Jangkar sering membual tentang pabrik yang mencapai tingkat produksi yang memecahkan rekor. Para pekerja yang diwawancarai dengan senang hati melaksanakan arahan pidato Tahun Baru Kim, ketika dia mendesak warga Korea Utara untuk memperkuat ekonomi secara keseluruhan.

Lebih dari segalanya, sungguh menakjubkan betapa kerasnya pertanian kolektif di seluruh negeri bekerja untuk menghasilkan pupuk kandang.

Hanya dalam satu minggu, Korea Utara telah memiliki pertanian kolektif di Anbyeon, Chungwoon, Uiju dan Shinuiju yang telah selesai menyiapkan pupuk kandang untuk pertanian musim semi.

Belum lagi pabrik-pabrik manufaktur yang menciptakan barang dengan kualitas terbaik semua jenis barang untuk rakyat.

Di sebuah pabrik kaus kaki, para buruh mewariskan pengetahuan tentang manuver mesin-mesin pabrik. Ini adalah “berita” di Korea Utara.

Dan jika Kim mengunjungi fasilitas, yang dianggap sebagai kehormatan besar bagi mereka yang bekerja di sana, berita itu dengan bangga menempatkannya sebagai laporan teratas hari itu.

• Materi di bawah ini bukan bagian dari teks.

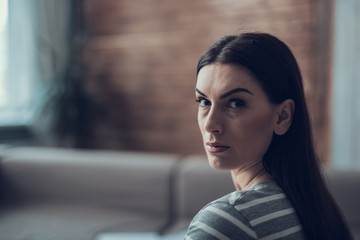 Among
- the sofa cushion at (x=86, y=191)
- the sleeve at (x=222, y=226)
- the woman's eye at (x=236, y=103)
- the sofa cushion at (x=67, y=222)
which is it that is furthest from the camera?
the sofa cushion at (x=86, y=191)

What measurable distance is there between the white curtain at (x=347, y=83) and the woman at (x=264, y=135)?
2.02m

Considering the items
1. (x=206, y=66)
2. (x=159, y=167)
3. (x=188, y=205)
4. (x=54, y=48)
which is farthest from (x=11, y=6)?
(x=206, y=66)

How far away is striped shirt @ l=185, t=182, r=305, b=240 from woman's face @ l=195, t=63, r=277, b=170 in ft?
0.30

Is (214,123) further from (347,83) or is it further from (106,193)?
(347,83)

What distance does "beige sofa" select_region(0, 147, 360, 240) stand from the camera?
5.17 feet

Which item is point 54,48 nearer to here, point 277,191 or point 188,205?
point 188,205

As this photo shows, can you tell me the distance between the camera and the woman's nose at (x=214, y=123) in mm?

Pada hari Kamis, pembaca berita tersebut berbicara tentang bagaimana “Pemimpin Tertinggi Kim yang Terhormat” mengawasi pabrik Obat Pyongyang bersama istrinya. Hanya foto-foto yang diperlihatkan saat pembawa acara menjelaskan bagaimana Kim memotivasi para pekerja untuk mencapai kualitas dan memodernisasi fasilitas pabrik untuk menghasilkan obat yang lebih baik.

Kami No 1!

Bagi warga ibukota Korea Utara, Pyongyang, Korea Utara mungkin tampak seperti negara yang sangat makmur.

Pembangkit energi terbarukan menerangi langit Pyongyang yang indah, kata TV pemerintah. Sebuah perguruan tinggi guru memelihara instruktur masa depan dengan fasilitas canggih, menurut pembaca berita. Dan tentu saja, tidak ada orang yang menderita kelaparan atau pelanggaran hak-hak pribadi mereka dapat ditemukan di mana pun.

Tetapi sebagai orang luar, sulit untuk tidak menertawakan apa yang disebut “berita” ini.

Dunia tahu betul bagaimana Korea Utara telah dikutuk karena pelanggaran hak asasi manusia. Kita tahu bahwa negara komunis yang berpura-pura kaya dalam siarannya sendiri sebenarnya telah meminta bantuan makanan dan keuangan dari luar negeri.

“Ketika siaran melaporkan bahwa produktivitas meningkat, ada kemungkinan besar laporan itu dibuat-buat,” kata An, pakar Korea Utara. “Mereka melaporkan apa yang ingin Kim dengar.”

KCTV melakukan yang terbaik untuk membuat orang mengikuti sistem sosialis partai dan menumbuhkan kepercayaan mereka pada Kim.

Apa Yang Saya Pelajari Dari Menonton TV Korea Utara

“Mari kita melawan imperialisme,” saluran itu secara teratur melantunkan. “Sosialisme unik sang jenderal besar mensejahterakan bangsa.”